# Bag End



## Starflower (Apr 23, 2009)

> It had a perfectly round door like a porthole, painted green, with a shiny yellow brass knob in the exact middle. The door opened on to a tube-shaped hall like a tunnel: a very comfortable tunnel without smoke, with panelled walls, and floors tiled and carpeted, provided with polished chairs, and lots and lots of pegs for hats and coats - the hobbit was fond of visitors. The tunnel wound on and on, going fairly but not quite straight into the side of the hill – The Hill, as all the people for many miles round called it – and many little round doors opened out of it, first on one side and then on another. No going upstairs for the hobbit: bedrooms, bathrooms, cellars, pantries (lots of these), wardrobes (he had whole rooms devoted to clothes), kitchens, dining – rooms, all were on the same floor, and indeed on the same passage. The best rooms were all on the left – hand side (going in), for these were the only ones to have windows, deep – set round windows looking over his garden, and meadows beyond, sloping down to the river.



I just love this description of Bag End - I would love to live in a house such as that. Especially like the 'pantries (lots of these)' part!


----------



## Mike (Apr 23, 2009)

Well, you could always build one ...


----------



## Lindréd (May 21, 2009)

Starflower said:


> I just love this description of Bag End - I would love to live in a house such as that.



So would I! And if you did, here's the view out your front door!

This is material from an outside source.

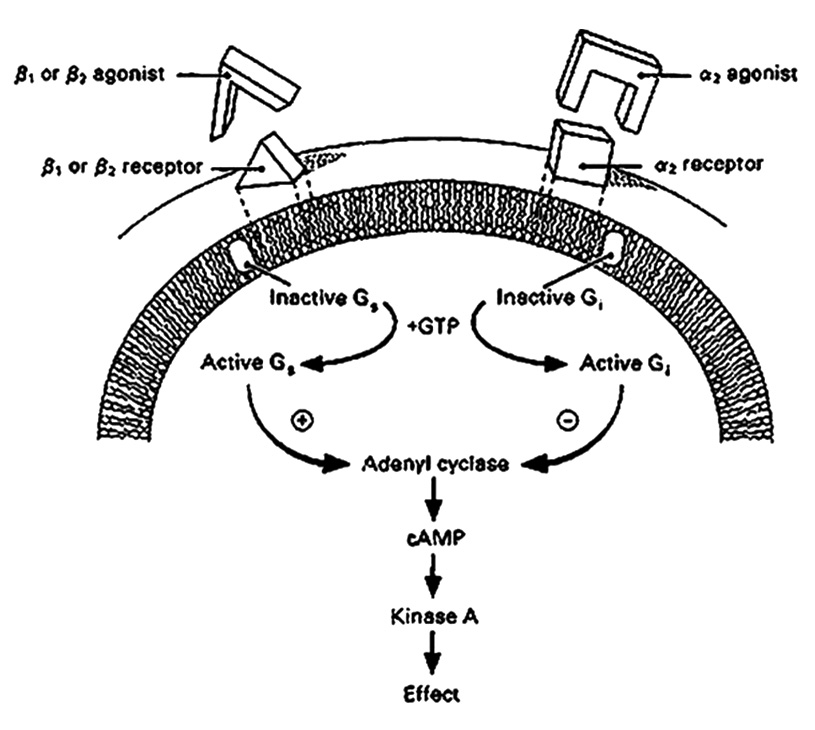 The Role of the Ciliary Body in Aqueous Humor Formation | OCL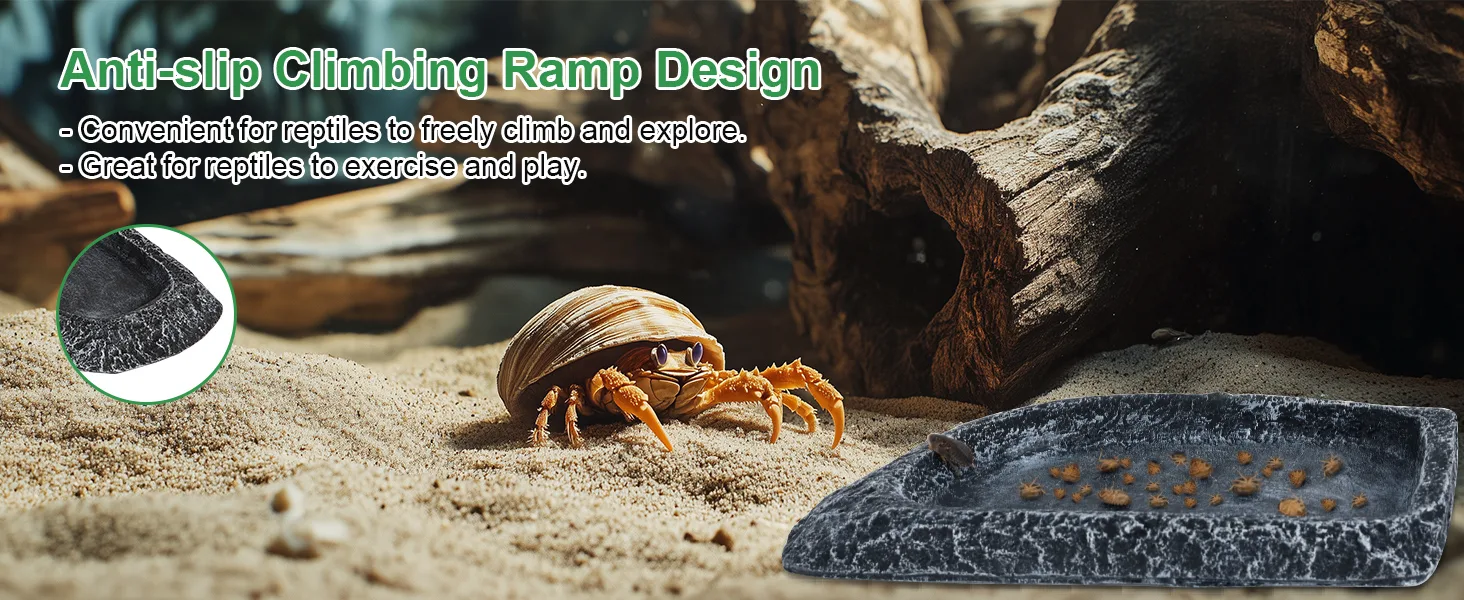 Anti-slip climbing ramp for reptiles with textured surface, shown with a crab in a terrarium.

Or, as Mike suggests, you could build one!. This house (link) is not at all like the descriptions of Bag End, but it still is very cool, with some nice hobbity architectural features.

http://www.taunton.com/finehomebuilding/how-to/articles/inside-hobbit-house.aspx


----------



## Bucky (May 29, 2009)

I can't imagine Bilbo's hobbit hole looking anything like that....

For real.

If it did, Bilbo would've known that there were Dwarves hanging on his bell....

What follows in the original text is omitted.